The domestic world – the inner circle of the family in its messy glory – regularly gets a hammering at the hands of most seasoned reviewers as it’s not usually considered a topic for serious literature. Instead it’s become the home of the Aga-saga, as they were once called over here, the province of the middle-class housewife and her trivial concerns about happiness, duty, good behaviour and surface appearance. For some reason, lost in the mists of old prejudice which no one looks at too closely because we’re not supposed to have those old prejudices any more, the subject area is usually consigned to supermarket-novel oblivion. Only Jane Austen managed to marry domesticity with literature in a way that satisfied everyone. So it’s not surprising that when contemporary authors approach the minefield of the domestic with wit, flair and some quality writing, the analogy with Austen is inevitably broached. I’d like to think, however, that there are good writers who tackle family stories with charm and a finely-honed linguistic scalpel who are not like Austen but just like themselves. And Laurie Colwin, despite the Austen analogies, is one of them.

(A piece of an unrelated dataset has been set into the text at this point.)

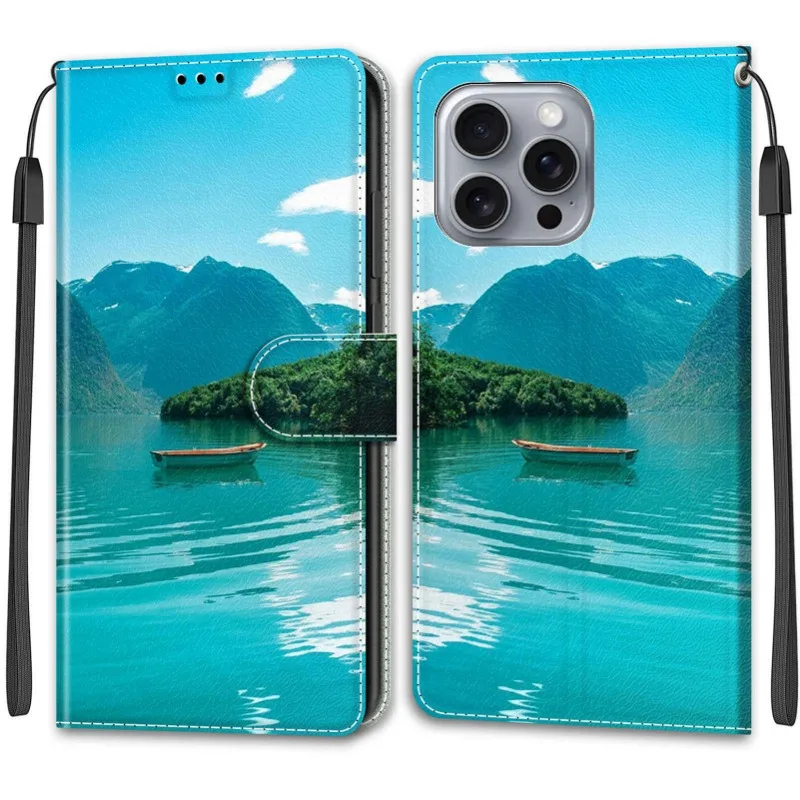 Фото Кожаный чехол-кошелек для телефона для iPhone 16 Pro Max 15 14 Plus 13 12 Pro 16Plus 15Pro, магнитный откидной чехол-подставка, окрашенные чехлы с книгой №4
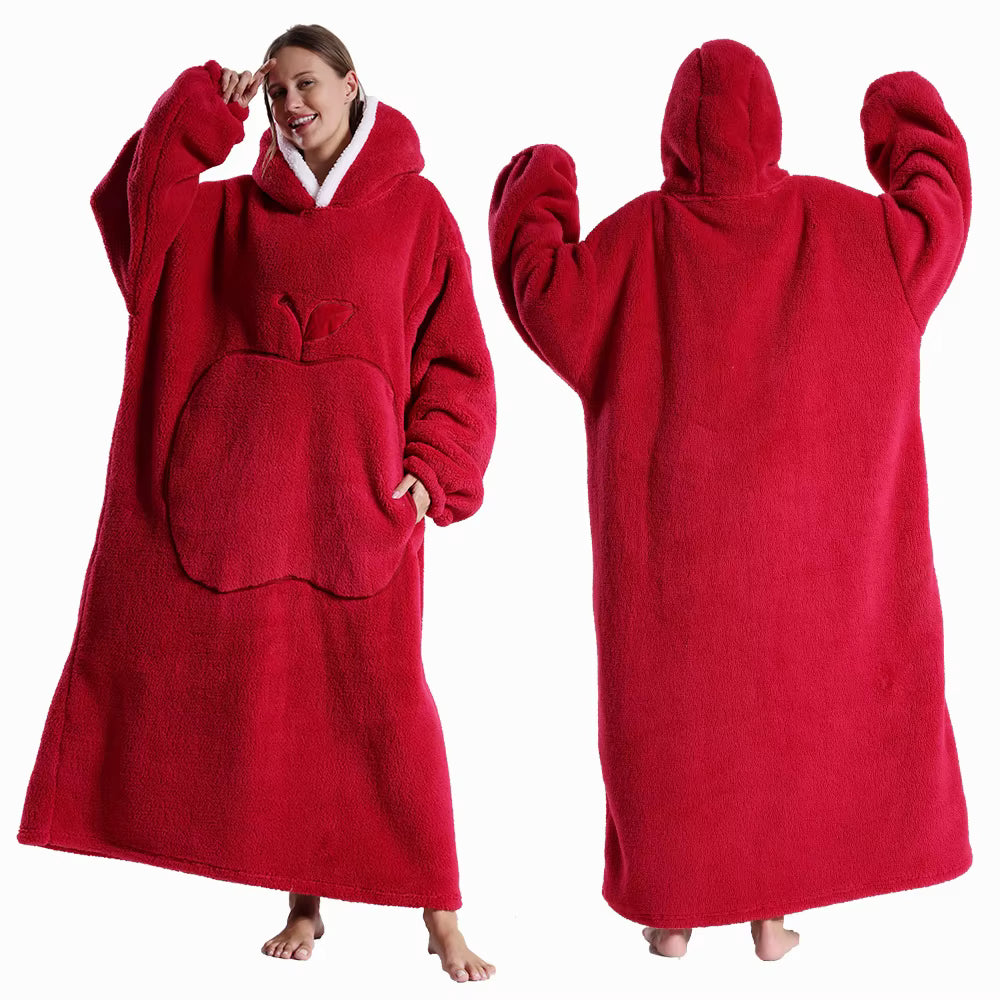 Extra langer Flanell-Kapuzenpullover mit Decke (lange Ärmel)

Colwin’s novel, Family Happiness, is a simple story. It concerns Polly Solo-Miller, a good girl from a good family, living a good life according to the rules instilled in her during childhood, who suddenly finds herself having an affair with a reclusive painter named Lincoln. For Polly, whose sense of identity is completely bound up with obedience and virtue, this is nothing short of a cataclysmic disaster, but the fact that Lincoln is essential to her existence shows her something is seriously wrong in her life philosophy. The novel charts the implosion of her cherished beliefs and the intriguing compromises she will make to find her own individual way of living. Much as the family happiness of the title refers to the threat hovering over her own much-loved husband and two children, the family with the real clout here is Polly’s clan, the tribal Solo-Millers with their unbreachable code of conduct. The portraits Colwin paints of Polly’s relations, her magisterial father, dominating her with ‘Daddy’s Horizontal Flicker of Disapproval’, and her delicious monster of a mother, manipulating her tenderly with love and a metaphorical whip of criticism, are exquisitely done. So, too, are the subplots that concern Polly’s two brothers, the younger one, Henry, slobbish, impatient and juvenile, the older, Paul, tyrannical, cold and charmless. Polly, sandwiched in between these unlovely boys, has been handed the role in the family script of the reliable one, the legible one, the one who will continue the family traditions in the way that best pleases her parents. Polly finds, however, that she has paid very dearly for approval, as perfection and excellence as a matter of course are not easy states to reproduce without a gradual build-up of resentment.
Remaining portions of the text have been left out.